Both the Miami Heat, who acquired Chalmers in a draft-night trade, and agent Sam Goldfeder confirmed to The Associated Press that the guard left the program. Neither would divulge the reasons why the former Kansas standout, who hit the overtime-forcing jumper in the Jayhawks' win over Memphis in the national championship game five months ago, was asked to depart early from the resort in southern Westchester County, a short drive north of Manhattan, where the event was taking place.
"I'm in the process of investigating what exactly is going on," Goldfeder said.
The Heat said they also were investigating and declined further comment.
"The players were sent home for violating program rules," NBA spokesman Tim Frank said. "They will be appropriately sanctioned and will have to repeat the program next year."
Arthur, a 6-foot-9 forward who was chosen late in the first round by New Orleans, was traded three times on draft night and signed his rookie contract with Memphis in early July. The Grizzlies acknowledged Arthur "was sent home ... for violating program rules" but declined to give details.
"He will be sanctioned at a later date, and he will have to repeat the program next year," team spokesman Dustin Krugel said.
In addition to returning to the symposium in 2009, the former Jayhawks both may be facing a fine and suspension from the NBA.
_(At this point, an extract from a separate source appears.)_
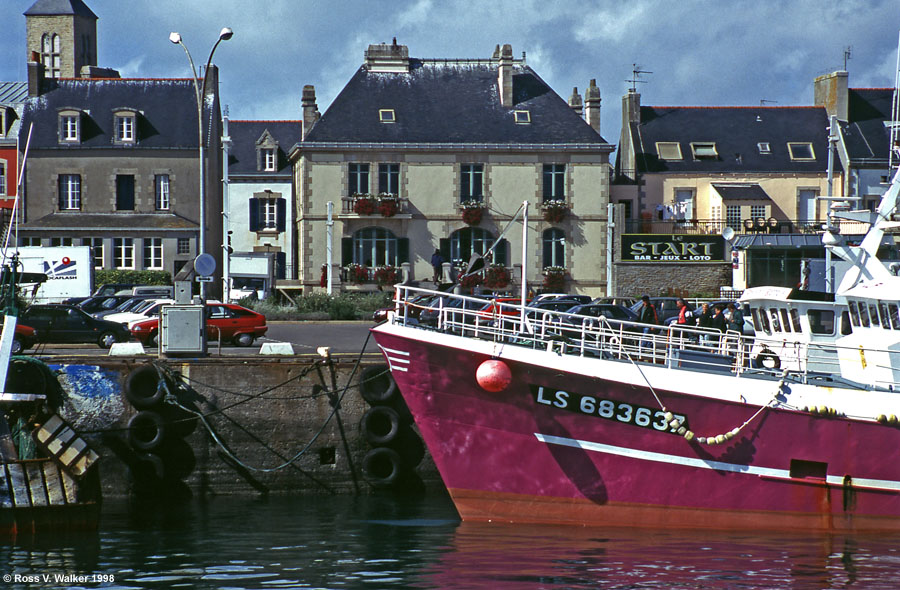 Fishing boat and Le Guilvinec waterfront from Treffiagat, Brittainy, France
Chalmers left Miami on Monday to begin the program, a four-day event which is required of all newcomers entering the league and focuses on issues such as life skills, handling finances, the importance of character and image, the difference between NBA and NCAA game rules, legal matters and dealing with media.
Chalmers is expected to compete for the starting point guard spot with the Heat when training camp begins later this month. He was drafted early in the second round by Minnesota and quickly traded to the Heat, who raved about his play in the Orlando summer league and signed him to a two-year deal.
"We really don't know all the facts yet, and I certainly would never comment publicly on any personal matter concerning any player I have ever coached," Kansas coach Bill Self said. "Beyond that, I can say that both Mario and Darrell were great to coach. They played a huge role in our success the past few years, in large part due to their unselfishness and the sacrifices they made for our program."